--- INPUT FOR THIS TASK ---

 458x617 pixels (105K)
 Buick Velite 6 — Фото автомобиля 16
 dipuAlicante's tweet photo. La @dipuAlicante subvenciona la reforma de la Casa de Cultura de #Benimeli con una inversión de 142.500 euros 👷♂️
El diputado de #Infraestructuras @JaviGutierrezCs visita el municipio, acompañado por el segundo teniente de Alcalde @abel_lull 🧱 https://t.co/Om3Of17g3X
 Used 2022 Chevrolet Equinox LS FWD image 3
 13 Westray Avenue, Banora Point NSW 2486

* * *

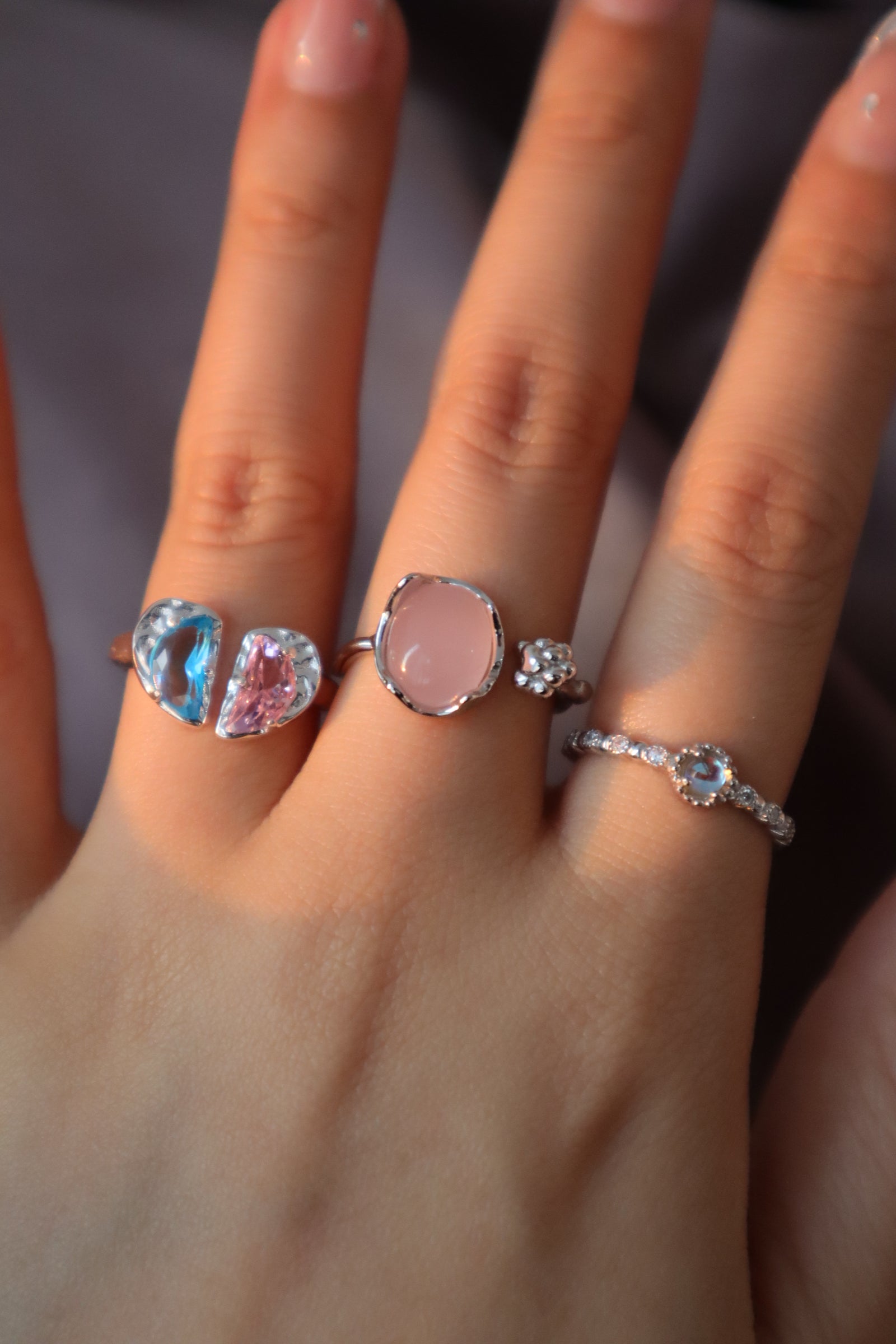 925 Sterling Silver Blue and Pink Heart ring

--- TASK ---
In the material above, locate the line containing "Used 2022 Chevrolet Equinox LS FWD image 3" and the line containing "13 Westray Avenue, Banora Point NSW 2486". Transcribe exactly those two lines and every line between them, and nothing more.

--- THE ANSWER ---
 Used 2022 Chevrolet Equinox LS FWD image 3
 13 Westray Avenue, Banora Point NSW 2486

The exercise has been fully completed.